Climate and The Western Wildfire Problem
Dr. Thomas W. Swetnam
Laboratory of Tree-Ring Research
The University of Arizona
Tucson, AZ 85721
520-621-2112
tswetnam@ltrr.arizona.edu
Forest fires are raging across the western United States and the only surprising thing about this event is that some people are surprised. Scientists and managers have predicted “the big blow up” for many years. “The Smokey the Bear effect” of eliminating natural fires is now widely recognized as only a delaying action that has ultimately made matters worse. For more than a century we have excluded the frequent, low intensity burns that once maintained open pine forests, but now we know that wildfires will occur anyway, and probably as catastrophic crown fires during the driest and hottest years – such as the summer of 2000. The accumulated fuels – live and dead trees – from a century of fire exclusion are a primary problem, but the other important factor receiving much less attention is climate.
As we escalate tree cutting and prescribed burning in the west to deal with the fuels, it is all the more critical that we apply our new understanding of climatic patterns. We will continue to make mistakes like Cerro Grande – the prescribed fire that almost destroyed Los Alamos -- unless we begin to heed the season-to-season, and year-to-year warning signs that climatologists have learned to read.
The importance of the drought conditions this year is demonstrated by the fact that many of the big fires in Idaho and Montana are burning in high elevation forests where the Smokey the Bear effect is minimal. Tree densities in these forests have not appreciably changed during the 20th century relative to the pre-Smokey era. These high elevation forests generally only burned in the past during rare, extreme drought years, such as this one. The problem in these areas is not ecological -- it is climatological and sociological. People have built homes within or near forests that are predestined to burn during years like this. Climate-related fires threaten their homes and lives, just as climate-related floods and hurricanes threaten homes and lives on flood plains and coastlines.

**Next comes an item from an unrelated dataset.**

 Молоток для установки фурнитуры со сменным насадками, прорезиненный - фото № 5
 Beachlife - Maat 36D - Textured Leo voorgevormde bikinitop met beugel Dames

We are all accustomed to using daily weather forecasts – from planning to take an umbrella on a walk, to evacuating a coastline in advance of a hurricane landing. Our thinking and planning for fire seasons, however, have yet to catch up to breakthroughs in our ability to forecast general weather conditions over regions and time periods of months and seasons (i.e., climate forecasts). The breakthrough in long-range climate forecasting that has relevance to this and future fire seasons has to do with the infamous El Niño pattern. In particular, we have learned that during El Niño events the Southwestern and Southeastern U.S. generally receive much more winter and spring rainfall, and during La Niña events, such as this year, winter and spring rainfall is often reduced. Furthermore, during some La Niña events drought persists through the spring and summer months in more northerly states, affecting the Great Basin and Northern Rockies, resulting in huge forest fires across the western U.S. The La Niña-related droughts and fires of 1988-1989 and 1999-2000 are examples of this climate-fire pattern.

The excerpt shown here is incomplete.